Domestic crude oil production was unchanged from the previous report week at 12.2 million barrels daily.

Crude oil imports averaged 5.905 million barrels per day, a daily decrease  (⬇) of 956,000 barrels. Exports increased (⬆) 835,000 barrels daily to 4.707 million barrels per day.

Refineries used 86.1% of capacity; 0.8 percentage points higher (⬆) than the previous report week.

Crude oil inputs to refineries increased (⬆) 127,000 barrels daily; there were 14.981 million barrels per day of crude oil run to facilities. Gross inputs, which include blending stocks, rose (⬆) 143,000 barrels daily to 15.517 million barrels daily.
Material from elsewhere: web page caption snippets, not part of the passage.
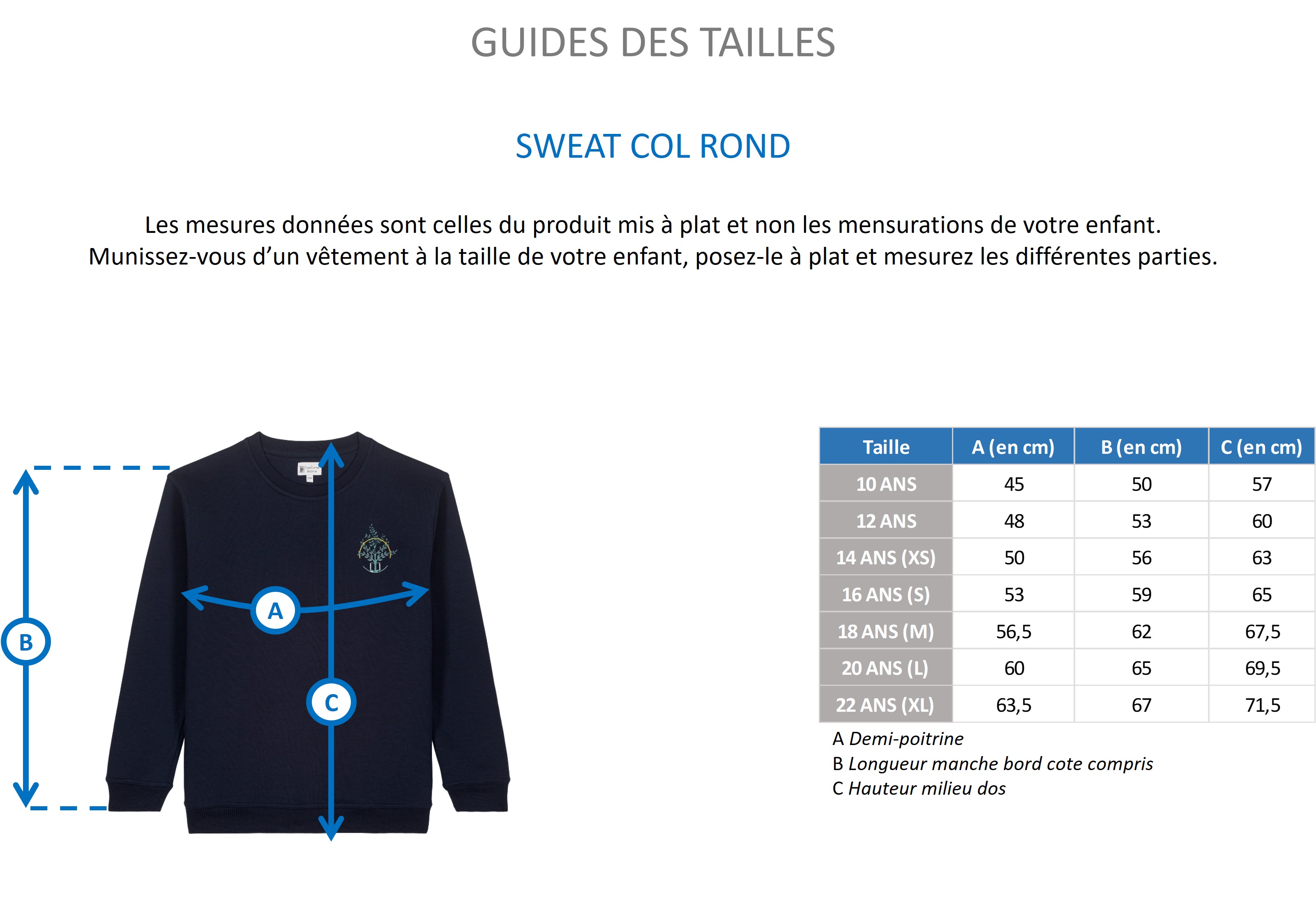 Guide des tailles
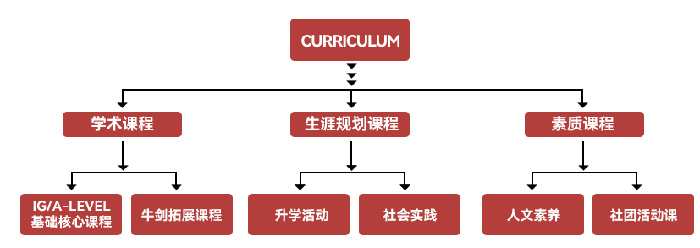 杭州學(xué)軍文淵國際班招生簡介_學(xué)費_課程體系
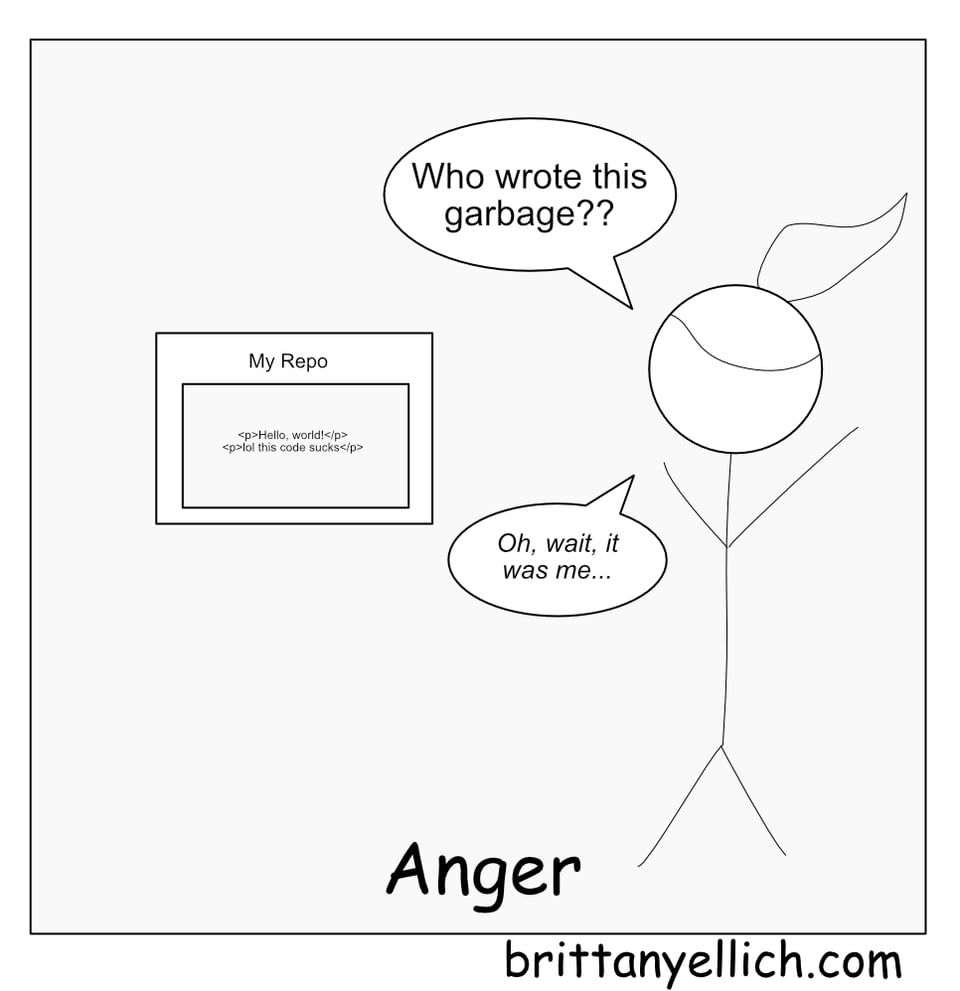 Stage two: Anger

A stick figure looking at a repo saying "who wrote this garbage? Oh wait it was me"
Total petroleum product inventories rose (⬆) by 3.5 million barrels from the previous report week, rising to 785.5 million barrels.

Total product demand decreased (⬇) 866,000 barrels daily to 19.447 million barrels per day.

Gasoline stocks increased (⬆) 1.8 million barrels from the previous report week; total stocks are 232.0 million barrels.

Demand for gasoline increased (⬆) 88,000 barrels per day to 8.142 million barrels per day.

Distillate fuel oil stocks decreased (⬇) 0.5 million barrels from the previous report week; distillate stocks are at 115.3 million barrels. EIA reported national distillate demand at 3.878 million barrels per day during the report week, a decrease (⬇) of 146,000 barrels daily.

Propane stocks decreased (⬇) by 1.0 million barrels from the previous report week to 75.6 million barrels. The report estimated current demand at 1.052 million barrels per day, a decrease (⬇) of 466,000 barrels daily from the previous report week.

 

Natural Gas

Natural gas has become an international commodity, following years of predominantly domestic use. The response to Russian aggression in Ukraine has included limits imposed on allowable exports of Russian energy supplies. LNG exports from the United States to Europe have been part of the reaction.

The move overseas will be supported by the construction of new export facilities and the expected return to service of the Freeport plant. The Department of Energy estimates that “Europe increased its LNG imports by 66% (5.9 Bcf/d) in 2022 compared with 2021.” The Department expects expanding import capability to result in 34% more LNG in 2024 compared with 2021.

According to the EIA:

Net withdrawals from storage totaled 91 Bcf for the week ended January 20, compared with the five-year (2018–2022) average net withdrawals of 185 Bcf and last year’s net withdrawals of 217 Bcf during the same week. Working natural gas stocks totaled 2,729 Bcf, which is 128 Bcf (5%) more than the five-year average and 107 Bcf (4%) more than last year at this time.